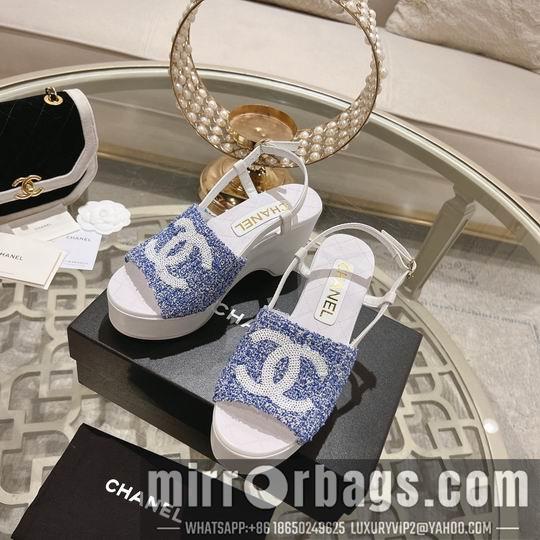 Chanel Replica Shoes sz34-41 mnh0529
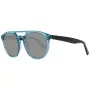 WEB EYEWEAR MAN WE0123-5187A slnečné okuliare - čierny rám, sivé sklá, 51/20/145 mm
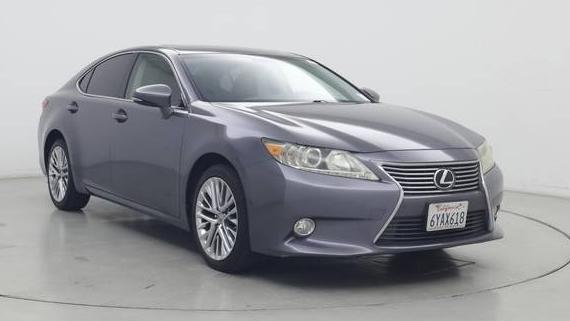 LEXUS ES 2013 JTHBK1GG6D2019172 image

*****

- [HOW TO COMPLETE THIS TASK]
Only what runs from the line with "WEB EYEWEAR MAN" through the last line of the listing above belongs in the answer, set down exactly and free of pictures.

- [THE ANSWER]
 WEB EYEWEAR MAN WE0123-5187A slnečné okuliare - čierny rám, sivé sklá, 51/20/145 mm
 LEXUS ES 2013 JTHBK1GG6D2019172 image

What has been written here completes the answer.